И вот, когда многим казалось, что той мертвой эпохе, олицетворяемой именем Станислава Гаудасинского, никогда не будет конца, внезапно появился Владимир Кехман и осуществил весьма нашумевший переворот. При всей неоднозначности фигуры самого автора этого переворота было понятно, что хуже, чем при прежнем руководстве (речь, подчеркну еще раз, только об опере), уже просто некуда, а значит, можно ждать каких-то позитивных перемен. Они вроде бы и начались, но довольно странно, без внятной художественной программы, без решения вопросов, с которых, казалось бы, надо было начать. И вот перед нами — вторая оперная премьера этого первого сезона эры Кехмана, связанной также и с именем Елены Образцовой, согласившейся взять на себя художественное руководство оперой Михайловского театра.
Как и предшествовавшая премьера, «Любовный напиток» изготовлен руками итальянцев. И если в «Сельской чести» пели только наши, то в «Напитке» уже участвовали и несколько итальянских певцов. При этом «Сельская честь» была переносом готовой продукции, тогда как «Напиток» делался специально для питерской сцены. Впрочем, сравнивая сценический облик обоих спектаклей, трудно не прийти к закономерному выводу, что лучше перенос работы незаурядной личности, каковой является Лилиана Кавани, чем номинально оригинальная продукция третьестепенного режиссера.

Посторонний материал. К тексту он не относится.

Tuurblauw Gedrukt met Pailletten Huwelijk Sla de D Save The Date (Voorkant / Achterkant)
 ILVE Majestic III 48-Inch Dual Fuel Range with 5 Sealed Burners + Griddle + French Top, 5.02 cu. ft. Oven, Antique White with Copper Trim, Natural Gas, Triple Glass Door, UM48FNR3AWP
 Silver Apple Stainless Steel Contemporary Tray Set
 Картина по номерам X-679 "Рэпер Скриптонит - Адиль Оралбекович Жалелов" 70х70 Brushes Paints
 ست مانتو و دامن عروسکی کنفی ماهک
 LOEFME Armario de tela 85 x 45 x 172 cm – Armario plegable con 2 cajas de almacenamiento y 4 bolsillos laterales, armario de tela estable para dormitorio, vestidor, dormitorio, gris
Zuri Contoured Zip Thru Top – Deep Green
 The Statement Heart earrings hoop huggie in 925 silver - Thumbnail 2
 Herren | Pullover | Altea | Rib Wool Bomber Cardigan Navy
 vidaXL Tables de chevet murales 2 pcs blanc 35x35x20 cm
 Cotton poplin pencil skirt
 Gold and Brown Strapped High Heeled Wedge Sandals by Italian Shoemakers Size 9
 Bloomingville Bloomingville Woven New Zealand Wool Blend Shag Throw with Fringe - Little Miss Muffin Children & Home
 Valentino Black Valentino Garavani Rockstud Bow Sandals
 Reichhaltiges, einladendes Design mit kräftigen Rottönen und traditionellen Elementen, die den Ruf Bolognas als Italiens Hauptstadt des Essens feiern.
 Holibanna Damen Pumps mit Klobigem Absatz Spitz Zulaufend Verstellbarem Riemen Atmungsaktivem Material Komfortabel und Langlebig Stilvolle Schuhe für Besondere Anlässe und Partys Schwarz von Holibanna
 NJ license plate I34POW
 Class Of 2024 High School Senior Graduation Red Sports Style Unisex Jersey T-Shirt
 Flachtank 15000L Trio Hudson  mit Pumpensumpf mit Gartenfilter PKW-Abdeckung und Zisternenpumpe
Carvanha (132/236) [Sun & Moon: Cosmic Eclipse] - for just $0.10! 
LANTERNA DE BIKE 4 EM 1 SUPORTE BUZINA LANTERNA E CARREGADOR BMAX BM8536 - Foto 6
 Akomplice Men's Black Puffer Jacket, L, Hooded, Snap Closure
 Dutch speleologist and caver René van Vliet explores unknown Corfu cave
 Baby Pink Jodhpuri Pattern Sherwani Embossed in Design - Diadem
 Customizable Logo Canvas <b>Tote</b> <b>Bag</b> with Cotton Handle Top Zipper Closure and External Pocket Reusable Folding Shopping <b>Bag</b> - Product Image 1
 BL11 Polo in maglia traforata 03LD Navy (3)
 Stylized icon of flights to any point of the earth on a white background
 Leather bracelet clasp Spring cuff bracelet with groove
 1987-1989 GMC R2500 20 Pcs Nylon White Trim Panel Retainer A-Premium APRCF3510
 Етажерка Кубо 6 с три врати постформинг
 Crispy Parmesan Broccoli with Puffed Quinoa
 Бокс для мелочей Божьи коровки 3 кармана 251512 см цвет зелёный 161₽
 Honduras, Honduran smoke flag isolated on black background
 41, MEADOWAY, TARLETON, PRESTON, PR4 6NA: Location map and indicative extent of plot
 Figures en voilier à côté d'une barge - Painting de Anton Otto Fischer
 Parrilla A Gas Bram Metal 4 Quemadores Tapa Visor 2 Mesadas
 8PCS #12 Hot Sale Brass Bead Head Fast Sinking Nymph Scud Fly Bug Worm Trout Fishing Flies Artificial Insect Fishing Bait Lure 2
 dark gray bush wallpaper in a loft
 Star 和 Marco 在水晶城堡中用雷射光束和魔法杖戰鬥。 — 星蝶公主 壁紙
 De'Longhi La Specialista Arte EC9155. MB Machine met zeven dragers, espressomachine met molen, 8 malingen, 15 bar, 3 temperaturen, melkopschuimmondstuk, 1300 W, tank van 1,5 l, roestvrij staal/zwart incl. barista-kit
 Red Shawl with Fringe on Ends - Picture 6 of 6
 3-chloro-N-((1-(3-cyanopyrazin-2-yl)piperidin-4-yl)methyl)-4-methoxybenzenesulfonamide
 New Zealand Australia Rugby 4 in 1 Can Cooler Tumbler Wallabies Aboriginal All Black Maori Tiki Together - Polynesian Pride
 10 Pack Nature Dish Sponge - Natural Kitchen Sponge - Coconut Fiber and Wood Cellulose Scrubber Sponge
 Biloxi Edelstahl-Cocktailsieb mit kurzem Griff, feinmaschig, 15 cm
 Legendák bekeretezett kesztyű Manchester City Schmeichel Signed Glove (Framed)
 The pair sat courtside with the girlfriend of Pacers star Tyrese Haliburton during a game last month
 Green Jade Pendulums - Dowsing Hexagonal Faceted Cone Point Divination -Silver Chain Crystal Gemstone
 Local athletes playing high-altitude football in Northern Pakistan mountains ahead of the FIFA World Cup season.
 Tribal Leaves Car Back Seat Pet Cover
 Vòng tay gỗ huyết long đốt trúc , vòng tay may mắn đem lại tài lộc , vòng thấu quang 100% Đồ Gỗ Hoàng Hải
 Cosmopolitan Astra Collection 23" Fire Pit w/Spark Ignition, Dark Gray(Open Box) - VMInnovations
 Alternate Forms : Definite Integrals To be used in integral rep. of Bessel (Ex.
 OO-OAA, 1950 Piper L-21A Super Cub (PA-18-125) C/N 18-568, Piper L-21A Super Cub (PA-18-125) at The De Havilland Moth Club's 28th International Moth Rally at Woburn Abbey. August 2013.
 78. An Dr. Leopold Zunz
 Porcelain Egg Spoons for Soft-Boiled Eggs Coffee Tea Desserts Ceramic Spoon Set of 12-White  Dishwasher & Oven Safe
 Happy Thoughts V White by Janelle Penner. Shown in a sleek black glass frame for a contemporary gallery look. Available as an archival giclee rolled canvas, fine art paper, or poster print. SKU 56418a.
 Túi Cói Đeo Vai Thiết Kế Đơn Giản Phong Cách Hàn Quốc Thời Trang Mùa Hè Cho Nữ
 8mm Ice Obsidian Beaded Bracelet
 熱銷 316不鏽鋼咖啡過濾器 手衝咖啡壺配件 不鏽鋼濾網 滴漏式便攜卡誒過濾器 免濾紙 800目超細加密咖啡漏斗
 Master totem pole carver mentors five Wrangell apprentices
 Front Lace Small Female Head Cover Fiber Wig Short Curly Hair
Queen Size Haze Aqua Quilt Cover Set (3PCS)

Фабио Спарволи больше известен как режиссер-ассистент, работавший, в частности, с великим Джорджо Стрелером. Поэтому вряд ли стоит удивляться, например, разительному сходству визуального ряда «Напитка» со стрелеровским «Фальстафом», перенесенным несколько лет назад на сцену Большого театра. Легко предположить, что сценограф Мауро Карози получил от режиссера задание сделать что-то в духе работавшего со Стрелером Эцио Фриджерио и вполне с этим справился. Нам показывают на сцене как бы настоящую (на самом деле, конечно, оперную) итальянскую деревню, с настоящими стогами сена и т.д. Сам режиссер практически полностью в этой декорации растворился, не обнаружив своего присутствия и в работе с исполнителями, действующими на подмостках и передвигающимися по ним вполне шаблонно. Впрочем, это отнюдь не самый плохой вариант, поскольку отсутствие явных противоречий и диссонансов с духом и стилем первоисточника по нынешним временам уже само по себе может рассматриваться как достоинство. Если бы сюда еще хоть чуточку больше юмора, без которого комическая опера как рыба без воды...
Зато подобного рода режиссура очень удобна, когда, как в данном случае, предполагается постоянно приглашать солистов-гастролеров и вводить собственную молодежь. Надо сказать, именно солисты оказались наиболее сильной стороной спектакля.
Итальянский тенор Франческо Мели, хоть и не принадлежит к числу звезд, весьма востребован на ведущих мировых подмостках. Это, действительно, по-настоящему хороший певец, обладающий звонким, свободно летящим в зал, хотя и немного плоским голосом. Правда, с точки зрения сегодняшних представлений о стиле бельканто его звук кажется слишком крупным. Впрочем, в глазах широкой публики последнее отнюдь не является недостатком, и она восторженно принимала Мели, заставив даже бисировать знаменитый Романс Неморино, что в наше время случается не столь часто.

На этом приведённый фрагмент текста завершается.